You are going to read an extract from a book. Seven sentences have been removed from the extract. Choose from the sentences A-H the one which fits each gap (16-21). There is one extra sentence which you do not need to lise. There is an example at the beginning (0).
Other guests were in the house. Several times while I was washing and changing I heard doors opening and closing. I put on my new blue slacks and sweater and picked up my bag, hoping that no one would notice how heavy it was.
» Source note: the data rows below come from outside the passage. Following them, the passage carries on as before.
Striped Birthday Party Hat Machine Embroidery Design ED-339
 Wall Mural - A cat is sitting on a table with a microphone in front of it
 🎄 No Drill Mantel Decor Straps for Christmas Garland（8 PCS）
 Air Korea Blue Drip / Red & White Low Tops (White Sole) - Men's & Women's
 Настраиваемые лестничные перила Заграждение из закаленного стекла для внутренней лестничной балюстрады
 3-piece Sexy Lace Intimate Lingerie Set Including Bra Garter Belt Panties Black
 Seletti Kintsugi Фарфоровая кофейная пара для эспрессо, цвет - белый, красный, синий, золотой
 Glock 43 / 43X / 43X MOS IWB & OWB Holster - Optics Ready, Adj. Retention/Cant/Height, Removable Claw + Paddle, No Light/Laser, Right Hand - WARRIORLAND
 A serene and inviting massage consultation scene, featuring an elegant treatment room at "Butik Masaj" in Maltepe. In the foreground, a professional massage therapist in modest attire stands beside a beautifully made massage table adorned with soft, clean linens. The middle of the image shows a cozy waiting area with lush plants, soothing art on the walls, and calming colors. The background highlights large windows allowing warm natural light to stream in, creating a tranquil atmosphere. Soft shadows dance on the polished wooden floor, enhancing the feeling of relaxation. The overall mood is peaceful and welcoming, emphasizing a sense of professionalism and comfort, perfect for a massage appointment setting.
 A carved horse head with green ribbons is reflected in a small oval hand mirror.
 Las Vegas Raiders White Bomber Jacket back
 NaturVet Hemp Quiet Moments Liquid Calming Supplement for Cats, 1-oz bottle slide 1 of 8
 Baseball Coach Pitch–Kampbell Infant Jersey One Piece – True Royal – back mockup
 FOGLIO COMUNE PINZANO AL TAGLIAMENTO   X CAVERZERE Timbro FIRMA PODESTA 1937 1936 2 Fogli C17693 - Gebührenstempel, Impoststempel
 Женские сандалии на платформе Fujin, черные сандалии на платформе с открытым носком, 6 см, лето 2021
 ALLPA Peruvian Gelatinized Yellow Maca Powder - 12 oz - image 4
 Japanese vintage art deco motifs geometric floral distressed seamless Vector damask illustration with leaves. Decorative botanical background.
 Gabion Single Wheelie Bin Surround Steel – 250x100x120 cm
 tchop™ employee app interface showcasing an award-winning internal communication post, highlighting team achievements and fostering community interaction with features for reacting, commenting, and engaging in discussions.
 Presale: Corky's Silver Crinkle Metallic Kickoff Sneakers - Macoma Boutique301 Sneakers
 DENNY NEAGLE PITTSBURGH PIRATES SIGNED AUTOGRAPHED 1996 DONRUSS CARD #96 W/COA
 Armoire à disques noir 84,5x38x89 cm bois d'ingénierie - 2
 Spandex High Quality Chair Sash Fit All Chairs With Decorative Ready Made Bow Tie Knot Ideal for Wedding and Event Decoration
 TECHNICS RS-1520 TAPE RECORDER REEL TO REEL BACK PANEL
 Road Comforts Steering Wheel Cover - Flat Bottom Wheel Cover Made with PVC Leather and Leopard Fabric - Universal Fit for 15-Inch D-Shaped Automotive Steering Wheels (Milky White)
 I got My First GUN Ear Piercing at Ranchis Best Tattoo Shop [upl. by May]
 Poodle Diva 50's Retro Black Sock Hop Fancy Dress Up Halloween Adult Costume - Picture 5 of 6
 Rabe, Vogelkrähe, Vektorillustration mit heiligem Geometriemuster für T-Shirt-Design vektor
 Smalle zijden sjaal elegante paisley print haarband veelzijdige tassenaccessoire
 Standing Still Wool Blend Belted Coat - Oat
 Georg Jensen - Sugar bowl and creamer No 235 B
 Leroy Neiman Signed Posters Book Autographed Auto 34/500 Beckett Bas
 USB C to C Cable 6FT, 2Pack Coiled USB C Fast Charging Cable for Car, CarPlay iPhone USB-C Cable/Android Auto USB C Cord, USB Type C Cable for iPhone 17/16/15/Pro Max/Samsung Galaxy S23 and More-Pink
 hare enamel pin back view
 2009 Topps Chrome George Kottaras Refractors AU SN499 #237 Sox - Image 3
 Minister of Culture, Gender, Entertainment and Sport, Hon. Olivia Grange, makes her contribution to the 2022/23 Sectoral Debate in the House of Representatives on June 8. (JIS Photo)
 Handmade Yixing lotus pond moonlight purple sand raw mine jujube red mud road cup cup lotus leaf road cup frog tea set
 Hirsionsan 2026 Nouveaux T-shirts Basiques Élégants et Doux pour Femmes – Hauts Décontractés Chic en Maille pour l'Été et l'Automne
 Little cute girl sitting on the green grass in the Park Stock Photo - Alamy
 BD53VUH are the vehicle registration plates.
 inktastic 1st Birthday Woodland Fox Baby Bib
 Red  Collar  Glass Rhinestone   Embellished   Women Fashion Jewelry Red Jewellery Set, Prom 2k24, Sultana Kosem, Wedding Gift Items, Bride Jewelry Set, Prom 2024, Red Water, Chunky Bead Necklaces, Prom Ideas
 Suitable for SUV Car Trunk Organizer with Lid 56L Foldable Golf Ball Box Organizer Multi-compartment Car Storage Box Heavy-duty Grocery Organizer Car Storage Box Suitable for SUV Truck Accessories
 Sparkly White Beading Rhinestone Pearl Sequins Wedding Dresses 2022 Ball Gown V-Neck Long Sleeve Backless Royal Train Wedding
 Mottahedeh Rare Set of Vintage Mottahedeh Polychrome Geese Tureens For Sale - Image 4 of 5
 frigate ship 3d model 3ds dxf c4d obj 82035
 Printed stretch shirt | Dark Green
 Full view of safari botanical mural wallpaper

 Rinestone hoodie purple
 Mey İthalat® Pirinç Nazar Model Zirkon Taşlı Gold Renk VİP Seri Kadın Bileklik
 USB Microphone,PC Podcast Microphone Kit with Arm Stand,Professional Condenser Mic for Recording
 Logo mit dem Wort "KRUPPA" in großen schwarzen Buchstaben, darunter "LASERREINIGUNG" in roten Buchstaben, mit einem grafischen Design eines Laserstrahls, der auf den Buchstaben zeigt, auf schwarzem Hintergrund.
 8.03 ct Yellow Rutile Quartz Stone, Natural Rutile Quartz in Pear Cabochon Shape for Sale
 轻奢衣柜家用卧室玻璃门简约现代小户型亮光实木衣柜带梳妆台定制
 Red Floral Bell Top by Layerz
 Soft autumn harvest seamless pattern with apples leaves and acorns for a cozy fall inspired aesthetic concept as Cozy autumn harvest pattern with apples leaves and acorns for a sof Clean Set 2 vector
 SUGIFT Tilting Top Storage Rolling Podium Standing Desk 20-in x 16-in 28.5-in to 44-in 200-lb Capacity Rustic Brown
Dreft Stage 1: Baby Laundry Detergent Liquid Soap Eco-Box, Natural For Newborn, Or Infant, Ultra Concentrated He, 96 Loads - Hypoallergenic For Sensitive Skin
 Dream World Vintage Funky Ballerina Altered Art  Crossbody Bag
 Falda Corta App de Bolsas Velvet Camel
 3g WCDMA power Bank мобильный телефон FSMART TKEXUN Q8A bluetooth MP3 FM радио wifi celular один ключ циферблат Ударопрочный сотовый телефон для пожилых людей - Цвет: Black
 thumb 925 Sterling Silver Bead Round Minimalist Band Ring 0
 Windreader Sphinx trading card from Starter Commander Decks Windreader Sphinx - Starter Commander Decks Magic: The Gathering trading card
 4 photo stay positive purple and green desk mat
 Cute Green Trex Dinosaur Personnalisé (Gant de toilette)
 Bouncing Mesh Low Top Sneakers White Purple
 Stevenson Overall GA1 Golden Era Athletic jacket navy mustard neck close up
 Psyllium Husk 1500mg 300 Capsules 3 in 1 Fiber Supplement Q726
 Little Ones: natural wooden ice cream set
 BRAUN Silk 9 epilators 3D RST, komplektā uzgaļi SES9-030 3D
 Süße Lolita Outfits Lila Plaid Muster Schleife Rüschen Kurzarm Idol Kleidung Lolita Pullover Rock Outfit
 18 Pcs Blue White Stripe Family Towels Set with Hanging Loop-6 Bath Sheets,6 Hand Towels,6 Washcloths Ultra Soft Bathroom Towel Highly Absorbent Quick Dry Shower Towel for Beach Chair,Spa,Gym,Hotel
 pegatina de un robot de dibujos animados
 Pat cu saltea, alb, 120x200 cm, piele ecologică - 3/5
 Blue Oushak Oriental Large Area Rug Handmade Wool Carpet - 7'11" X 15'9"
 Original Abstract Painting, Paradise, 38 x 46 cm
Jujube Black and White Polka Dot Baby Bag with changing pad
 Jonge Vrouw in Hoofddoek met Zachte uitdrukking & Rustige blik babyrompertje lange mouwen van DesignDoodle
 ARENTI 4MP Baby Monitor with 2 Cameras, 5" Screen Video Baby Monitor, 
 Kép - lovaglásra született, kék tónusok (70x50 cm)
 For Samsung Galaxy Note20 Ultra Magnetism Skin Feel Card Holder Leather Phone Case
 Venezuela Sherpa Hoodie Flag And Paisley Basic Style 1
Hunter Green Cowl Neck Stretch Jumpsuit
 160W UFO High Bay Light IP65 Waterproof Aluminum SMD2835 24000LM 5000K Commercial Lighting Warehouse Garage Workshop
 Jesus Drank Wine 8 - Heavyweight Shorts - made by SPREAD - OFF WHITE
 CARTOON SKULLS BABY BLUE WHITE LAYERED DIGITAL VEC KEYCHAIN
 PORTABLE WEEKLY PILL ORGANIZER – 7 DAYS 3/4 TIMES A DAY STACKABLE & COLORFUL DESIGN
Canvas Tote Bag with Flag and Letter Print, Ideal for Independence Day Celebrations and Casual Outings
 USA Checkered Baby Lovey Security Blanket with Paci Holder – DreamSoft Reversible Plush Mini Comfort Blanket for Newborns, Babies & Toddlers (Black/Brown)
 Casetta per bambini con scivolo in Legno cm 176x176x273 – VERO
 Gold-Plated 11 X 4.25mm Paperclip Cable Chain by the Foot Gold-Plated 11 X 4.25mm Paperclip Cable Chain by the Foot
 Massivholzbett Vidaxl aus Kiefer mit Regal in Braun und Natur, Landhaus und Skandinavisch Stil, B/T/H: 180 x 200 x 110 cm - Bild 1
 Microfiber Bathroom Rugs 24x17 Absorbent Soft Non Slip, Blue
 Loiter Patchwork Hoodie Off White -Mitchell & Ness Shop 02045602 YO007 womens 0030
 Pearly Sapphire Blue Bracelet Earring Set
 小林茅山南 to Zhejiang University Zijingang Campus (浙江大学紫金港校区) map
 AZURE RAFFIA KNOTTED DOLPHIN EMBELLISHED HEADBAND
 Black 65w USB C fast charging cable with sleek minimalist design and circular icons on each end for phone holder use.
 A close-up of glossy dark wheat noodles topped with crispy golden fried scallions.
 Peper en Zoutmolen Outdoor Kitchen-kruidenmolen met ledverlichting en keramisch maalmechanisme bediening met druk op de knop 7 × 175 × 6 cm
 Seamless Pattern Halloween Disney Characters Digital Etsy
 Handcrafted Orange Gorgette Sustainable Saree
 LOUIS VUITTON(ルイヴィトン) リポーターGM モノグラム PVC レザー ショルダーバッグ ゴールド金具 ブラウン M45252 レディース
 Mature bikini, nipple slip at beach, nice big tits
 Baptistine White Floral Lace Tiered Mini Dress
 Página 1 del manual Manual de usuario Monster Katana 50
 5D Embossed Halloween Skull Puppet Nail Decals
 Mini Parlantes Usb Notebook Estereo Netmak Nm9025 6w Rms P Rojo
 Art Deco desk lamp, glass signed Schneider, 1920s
I intended to fight him in his own territory. Finding a library in a large country house is not difficult when you’ve travelled widely and have quite a few wealthy friends. Libraries usually have double doors opening inwards and do not lead to anywhere else. 16: _____ In a room nearby someone was playing the piano. 17: ______
‘Surely people with your kind of job shouldn’t sit with their backs to the door,’ I said when I could see whom I was talking to. I already knew what he looked like. 18: _____
Sir George rose. He was of medium height, slightly fat, silver-haired and with a face surprisingly youthful for his sixty years. 19:_______
With not a second to spare, a word from him prevented huge dogs from attacking me. Grabbing collars, he said, ‘Do help yourself to sherry while I get rid of this lot,’ and crossed to another door as if floating in a sea of black and gold jumping gun dogs. Two elderly dogs followed with a couple of tail wags especially for me. 20: _____
I helped myself to sherry, a pale, dry luncheon sherry that would do nothing to dispel my tummy rumbles of hunger, and heard him despatch his dogs into the grounds with the weird cries people reserve for their pets when they don’t think anyone else can hear.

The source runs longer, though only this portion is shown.